I valori medi toccano i 10.850 €/mq in zona centrale, 6.350 €/mq nel semicentro e 3.950 €/mq in periferia, con stime 2026 rispettivamente a 11.420, 6.740 e oltre 4.100 €/mq.

«La casa continua a rappresentare il principale investimento per le famiglie italiane e un pilastro del nostro sistema economico e sociale. Il vero tema oggi è la carenza di offerta, soprattutto nelle grandi città, che alimenta la crescita dei prezzi e rende più difficile l’accesso alla casa, in particolare per giovani e famiglie. Per garantire uno sviluppo equilibrato del mercato nel medio periodo, sarà fondamentale favorire la produzione di nuova offerta e sostenere i processi di rigenerazione urbana, oggi ancora troppo rallentati». Mario Breglia, Presidente di Scenari Immobiliari.

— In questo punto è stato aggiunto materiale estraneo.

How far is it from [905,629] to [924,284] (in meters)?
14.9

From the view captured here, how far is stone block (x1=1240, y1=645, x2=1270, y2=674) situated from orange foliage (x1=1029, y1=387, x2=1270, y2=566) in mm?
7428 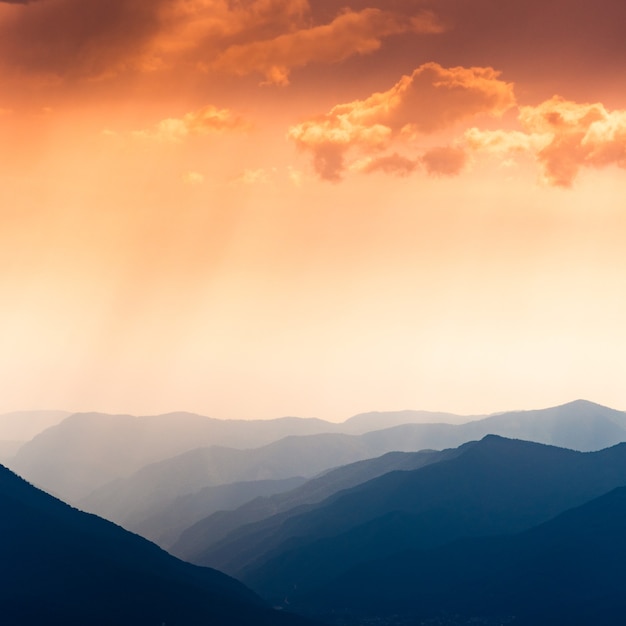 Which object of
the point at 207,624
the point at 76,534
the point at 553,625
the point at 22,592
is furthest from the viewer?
the point at 553,625

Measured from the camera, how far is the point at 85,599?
153 meters

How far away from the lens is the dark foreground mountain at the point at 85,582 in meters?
147

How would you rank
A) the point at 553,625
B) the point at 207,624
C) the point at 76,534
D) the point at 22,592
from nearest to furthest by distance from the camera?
the point at 22,592 → the point at 207,624 → the point at 76,534 → the point at 553,625

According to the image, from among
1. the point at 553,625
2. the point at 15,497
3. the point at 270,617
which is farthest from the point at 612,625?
the point at 15,497

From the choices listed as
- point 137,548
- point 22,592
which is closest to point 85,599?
point 22,592

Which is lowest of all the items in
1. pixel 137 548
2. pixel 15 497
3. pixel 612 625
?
pixel 612 625

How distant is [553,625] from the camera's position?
197 m

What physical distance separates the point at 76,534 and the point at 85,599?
31878 millimetres

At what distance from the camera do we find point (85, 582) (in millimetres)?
158750

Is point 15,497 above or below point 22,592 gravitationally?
above

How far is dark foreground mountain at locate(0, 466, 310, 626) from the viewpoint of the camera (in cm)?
14738

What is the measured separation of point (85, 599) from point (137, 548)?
46.3m

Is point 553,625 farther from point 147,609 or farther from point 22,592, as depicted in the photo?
point 22,592

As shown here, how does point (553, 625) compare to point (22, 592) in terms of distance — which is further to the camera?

«A Milano le nuove costruzioni scontano un progressivo rallentamento legato alla complessità della vicenda delle inchieste sull’urbanistica cittadina oltre agli ostacoli rappresentati dalla burocrazia che non permette più di definire tempi certi per avviare nuove iniziative immobiliari o progetti di rigenerazione urbana ed a una progressiva riduzione del rilascio dei permessi di costruire concessi. Questi fattori stanno spingendo una quota crescente di domanda a orientarsi verso l’hinterland, dove si concentrano un numero maggiore di iniziative e condizioni di accesso più sostenibili dal punto di vista dei prezzi». Giuseppe Crupi, Ceo di Abitare Co.

Quarto Osservatorio sull’Abitare – “Una casa è per sempre – un investimento che vale” (foto Scenari Immobiliari)

«L’Italia, con il tasso di proprietà tra i più elevati delle grandi economie occidentali, si trova nel pieno di una fase di transizione demografica, sociale e patrimoniale dato che oltre 2.250 miliardi di euro di ricchezza immobiliare delle generazioni nate tra il 1945 e il 1964 stanno ridefinendo gli equilibri di domanda e offerta». Francesca Zirnstein, Direttore Generale di Scenari Immobiliari

Rigenerazione urbana e città metropolitane funzionali: la sfida per i professionisti

L’Osservatorio introduce il concetto di città metropolitana funzionale, un approccio territoriale che supera i confini amministrativi per leggere le dinamiche immobiliari su scala più ampia, considerando connessioni infrastrutturali, dotazione di servizi e relazioni funzionali tra territori.

Un modello utile per orientare strategie progettuali e di sviluppo immobiliare in un contesto in rapida evoluzione.

Per il settore delle costruzioni, il segnale è netto: la casa come investimento genera domanda sostenuta, ma senza un’accelerazione delle nuove produzioni e una semplificazione delle procedure autorizzative, lo squilibrio strutturale tra domanda e offerta è destinato ad aggravarsi.